Available data

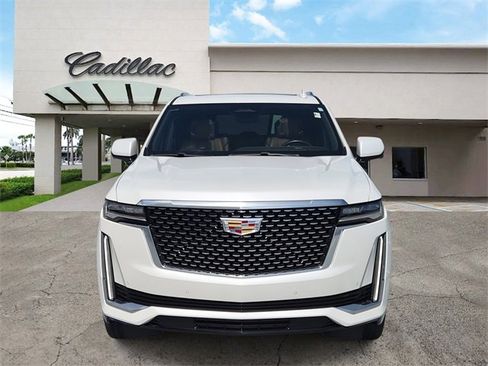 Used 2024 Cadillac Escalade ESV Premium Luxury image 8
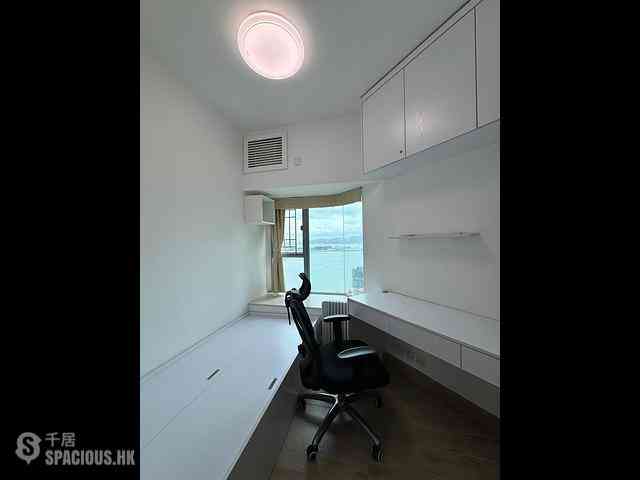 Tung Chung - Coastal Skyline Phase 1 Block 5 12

* * *

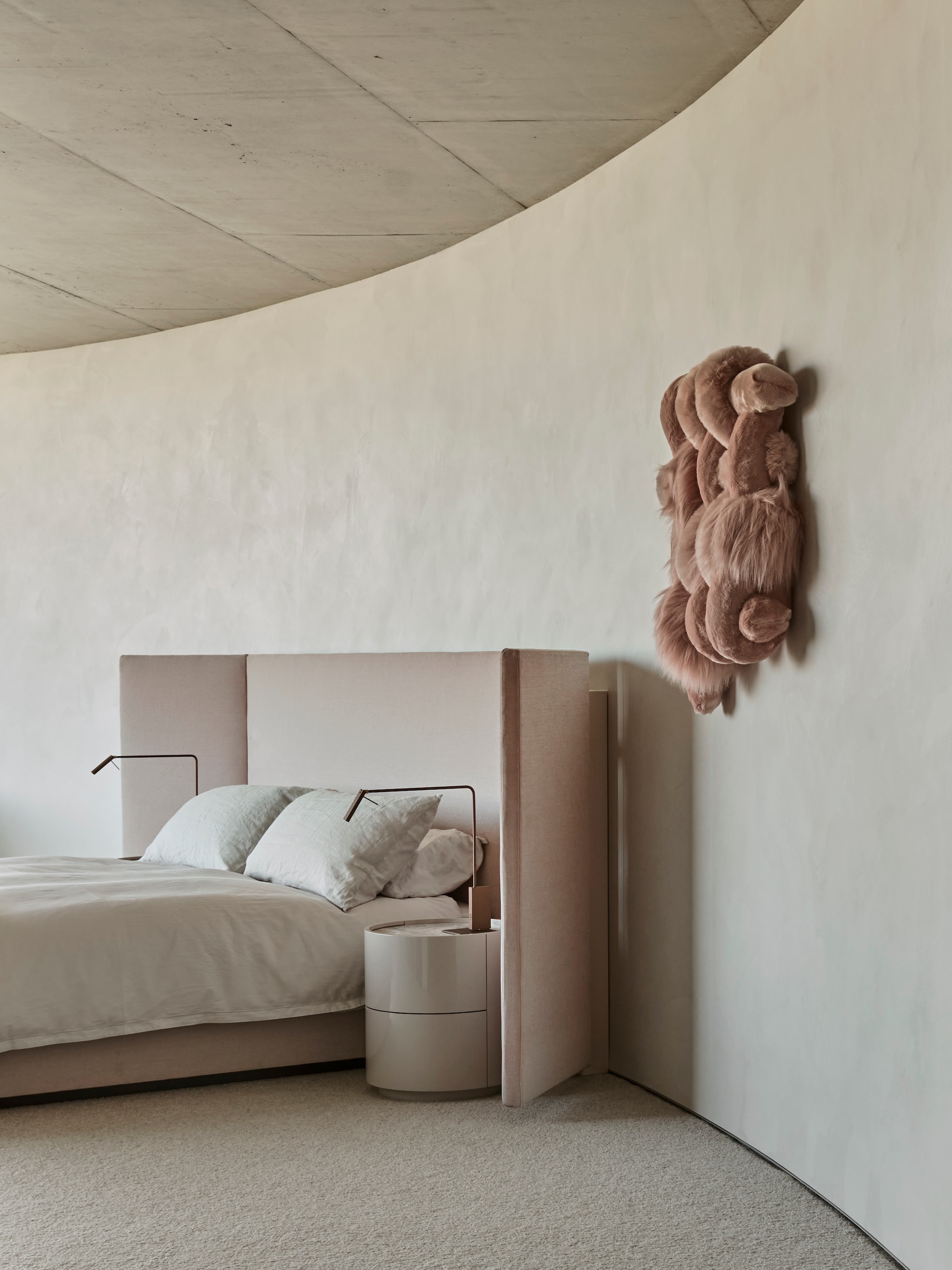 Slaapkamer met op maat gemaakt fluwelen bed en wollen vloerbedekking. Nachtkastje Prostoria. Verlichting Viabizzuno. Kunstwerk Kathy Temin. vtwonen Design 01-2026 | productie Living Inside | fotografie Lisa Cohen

Your assignment
Exercise for the records above: copy only the lines from the one with "Used 2024 Cadillac" to the one with "Tung Chung - Coastal", both ends kept, and drop the pictures.

Written response
 Used 2024 Cadillac Escalade ESV Premium Luxury image 8
 Tung Chung - Coastal Skyline Phase 1 Block 5 12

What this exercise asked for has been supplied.